What is expected
An exact transcription of all the data is required, with every image removed.

Data

----

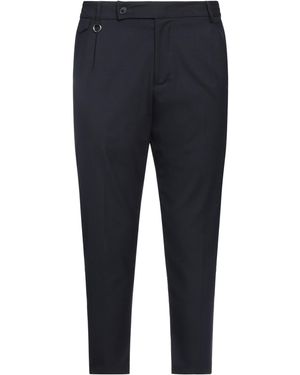 GOLDEN CRAFT 1957 Cropped Trousers - Blue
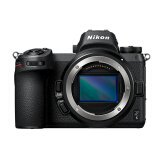尼康（Nikon）Z 6（Z6） 全画幅微单机身+FTZ转接环 数码相机 微单机...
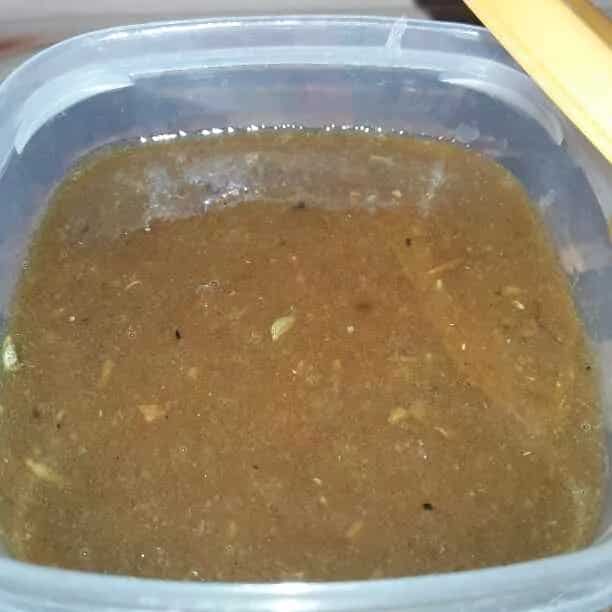 How to make 6 Minute Tamarind, Dates And Jaggery Chutney Recipe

----

Response for this exercise
 GOLDEN CRAFT 1957 Cropped Trousers - Blue
尼康（Nikon）Z 6（Z6） 全画幅微单机身+FTZ转接环 数码相机 微单机...
 How to make 6 Minute Tamarind, Dates And Jaggery Chutney Recipe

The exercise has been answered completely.